(Stored entries)
===

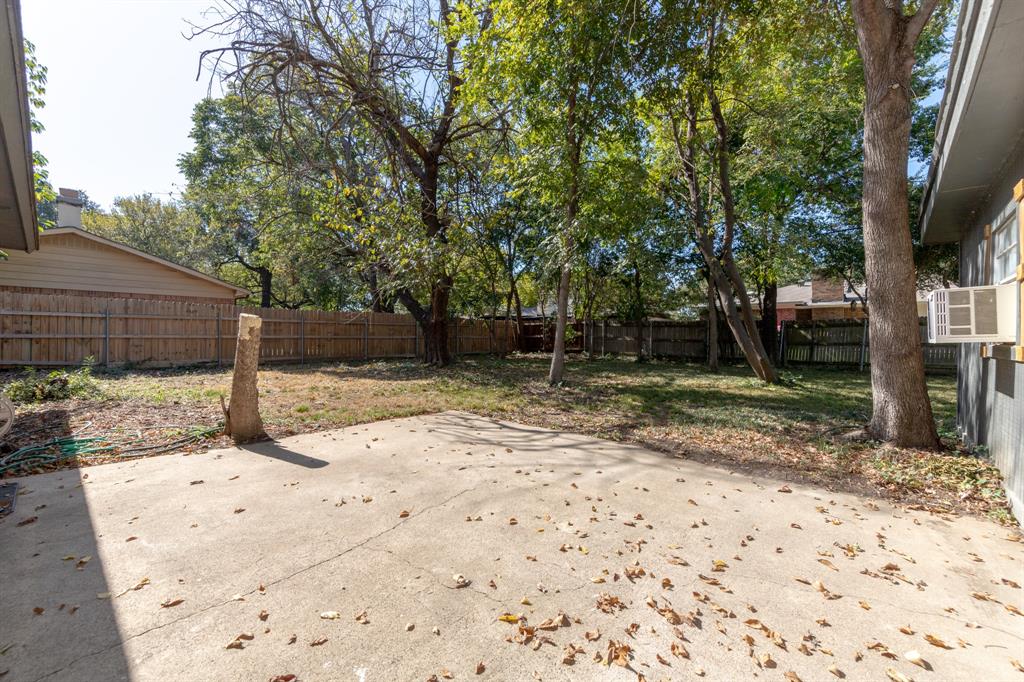 2000 Kerry Drive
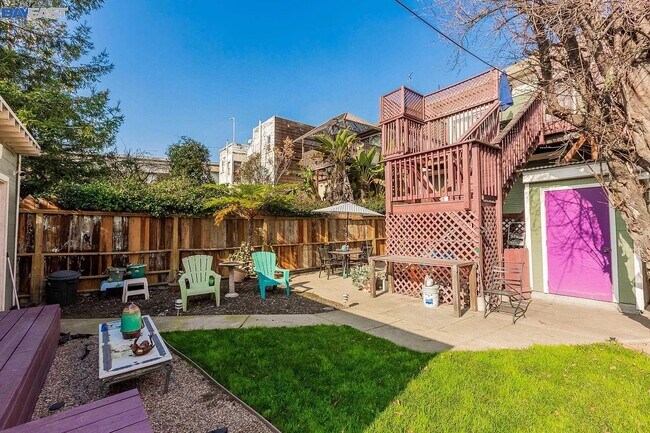 Building Photo - 541 33rd St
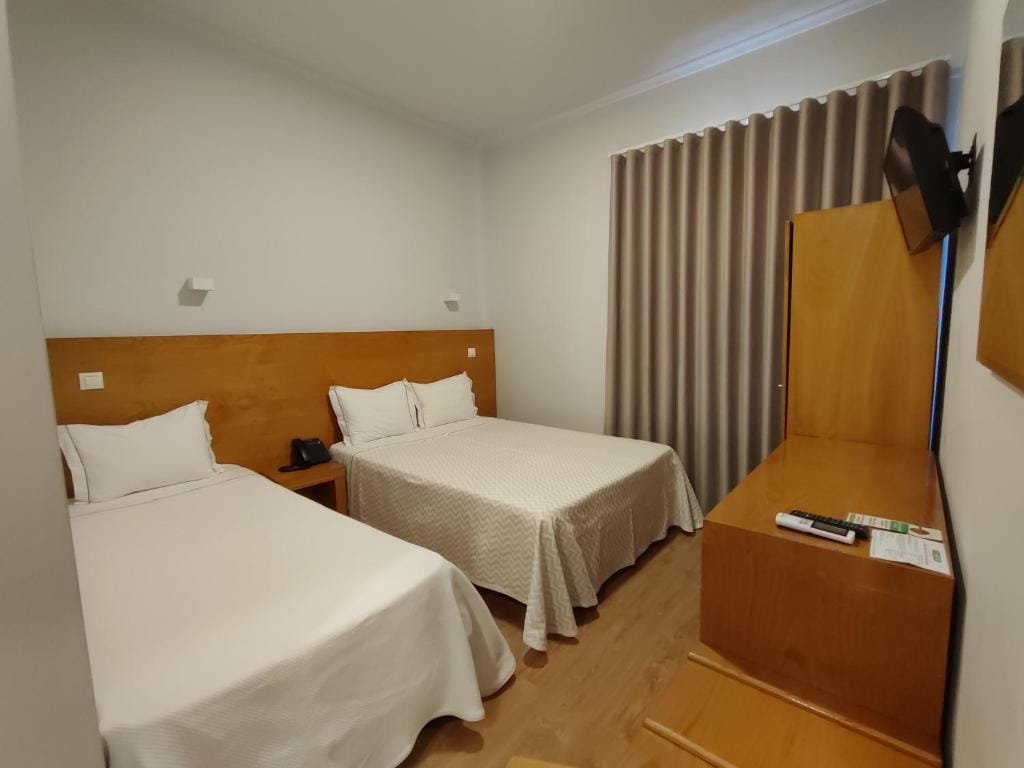 Dom Hotel — 2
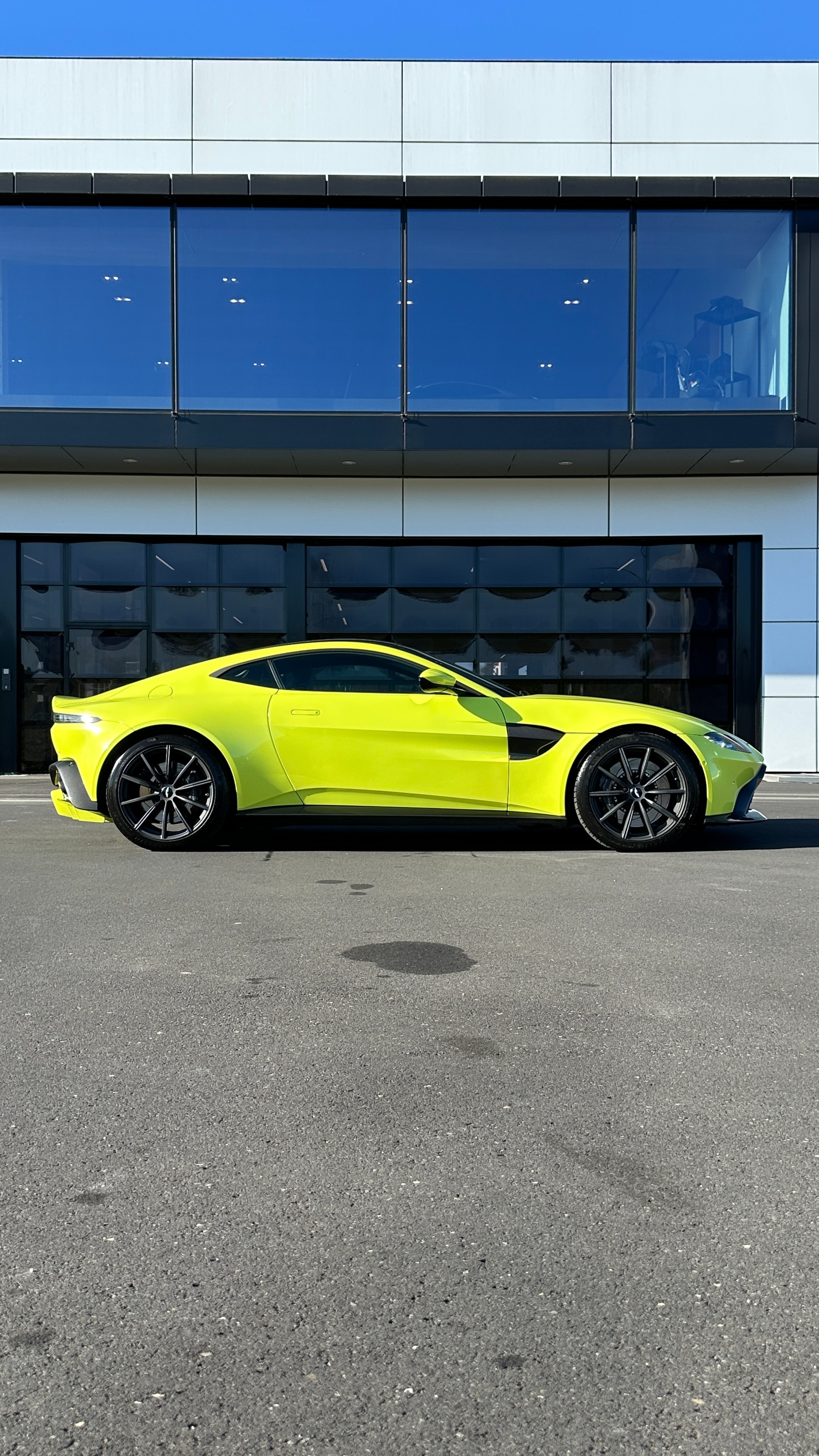 ASTON MARTIN V8 Vantage-showroom-element-3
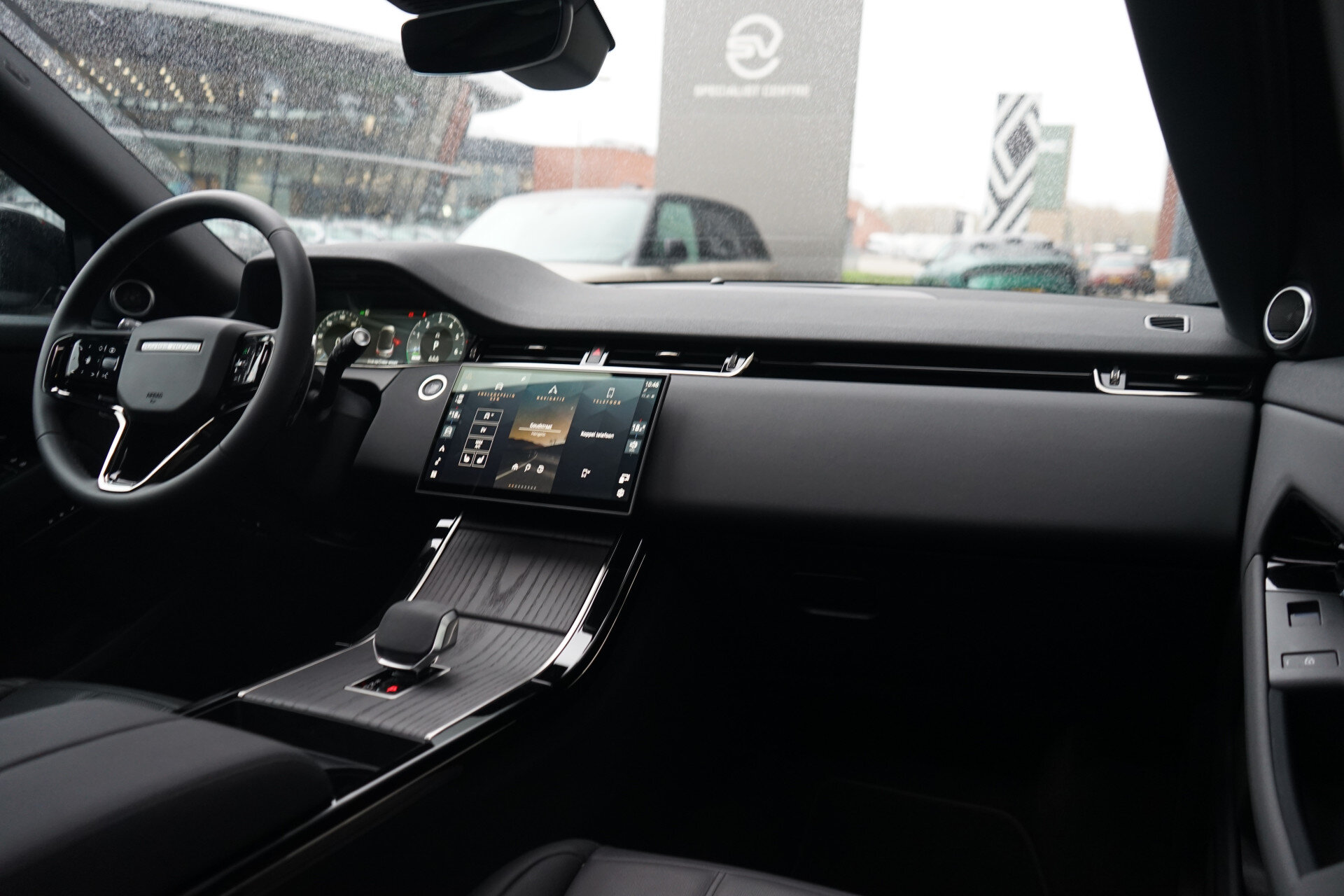 Land Rover Range Rover Evoque P270e PHEV AWD Graphite Edition | Occasion Lease vanaf € 954 p/m - Afbeelding 3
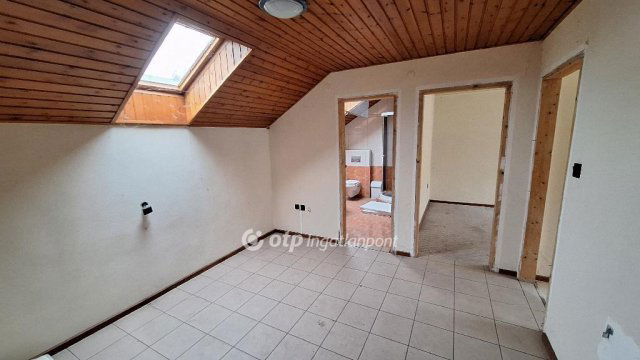 Eladó családi ház, Siófokon 159.9 M Ft, 7 szobás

===

§ Problem: Set down the entries above exactly, and keep every picture out of your copy.

§ Solved problem:
 2000 Kerry Drive
 Building Photo - 541 33rd St
 Dom Hotel — 2
 ASTON MARTIN V8 Vantage-showroom-element-3
 Land Rover Range Rover Evoque P270e PHEV AWD Graphite Edition | Occasion Lease vanaf € 954 p/m - Afbeelding 3
 Eladó családi ház, Siófokon 159.9 M Ft, 7 szobás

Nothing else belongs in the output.